Submits optical character recognition (OCR) tasks and obtains OCR results in real time. You can call this operation to submit the OCR tasks to detect and obtain text in images.

Description

Operation: /green/image/scan

You can call this operation to submit OCR tasks and obtain OCR results in real time. For more information about how to construct an HTTP request, see Request structure. You can also select an existing HTTP request. For more information, see SDK overview.

  • Billing method:

    You are charged for calling this operation. For more information about the billing methods, see

  • Response timeout:

    The maximum response time that is allowed for a synchronous moderation request is 6 seconds. If the moderation is not completed within 6 seconds, a timeout error is returned. If you do not require moderation results in real time, you can send asynchronous moderation requests. In most cases, we recommend that you send synchronous moderation requests because synchronous moderation operations are easier to call. We recommend that you set the timeout period to 6 seconds for calling synchronous moderation operations.

  • Returned results:

    In general, moderation results are returned within 1 second after you send a synchronous moderation request. The time may increase in special scenarios where a large number of requests are to be processed in the system, the size of images is large, or the images contain a large number of words. The speed of OCR is inversely relevant to the number of words in the images. If the images to be moderated contain a large number of words, we recommend that you send asynchronous moderation requests.

  • Limits on images:

    • The URLs of images must be HTTP or HTTPS URLs.

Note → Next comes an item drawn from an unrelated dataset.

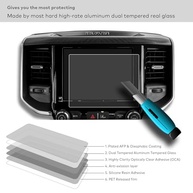 Protetor de Tela INNOSURE para Ram 1500/2500HD/3500HD 8.4" (2025+) - Fosco Anti-Reflexo e Impressões Digitais - imagem 4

    • The images must be in PNG, JPG, JPEG, BMP, GIF, or WEBP format.

    • An image can be up to 20 MB in size. The limit for the image size is applicable to both synchronous and asynchronous moderation operations.

    • The duration for downloading an image is limited to 3 seconds. If an image fails to be downloaded within 3 seconds, a timeout error is returned.

    • We recommend that you submit images of at least 256 × 256 pixels to ensure the moderation effect.

    • The response time of an operation for moderating images varies based on the duration for downloading these images. Make sure that you use a stable and reliable storage service to store the images to be moderated. We recommend that you use Object Storage Service (OSS) or Content Delivery Network (CDN).

QPS limits

You can call this operation up to 10 times per second per account. If the number of calls per second exceeds the limit, throttling is triggered. As a result, your business may be affected. We recommend that you take note of the limit when you call this operation.

Request parameters

Parameter

Type

Required

Example

Description

bizType

String

No

default

The business scenario. You can create a business scenario in the

Content Moderation console. For more information, see Customize policies for machine-assisted moderation.

scenes

StringArray

Yes

["ocr"]

The moderation scenario. Set the value to ocr.

tasks

JSONArray

Yes

The list of objects that you want to moderate. The JSON array can contain one or more elements. Each element is a structure. The JSON array can contain up to 100 elements. In other words, you can submit up to 100 moderation objects at a time. To submit 100 moderation objects at a time, you must raise the relevant concurrency limit to a number greater than 100. For more information about the structure, see task.

Table 1. task

Parameter

Type

Required

Example

Description

dataId

String

No

test_data_xxxx

The data ID. Make sure that each ID is unique in a request.

url

String

Yes

https://aliyundoc.com/test_image_xxxx.png

The HTTP or HTTPS URL that can be accessed over the Internet. The URL is up to 2,048 characters in length.

interval

Integer

No

2

The interval between two frames that are consecutively captured. This parameter is dedicated for GIF or long image moderation.

  • A GIF image can be regarded as an array of frames. One frame is captured for moderation from every n frames, where n is specified by the interval parameter. The system captures frames from GIF images only when this parameter is specified.

  • Long images can be in portrait or horizontal mode.

    • To moderate a long portrait image, you can calculate the total number of frames in the following way: divide the height by the width and round the result to the nearest integer. In a long portrait image, the height is greater than 400 pixels, and the ratio of height to width is greater than 2.5:1.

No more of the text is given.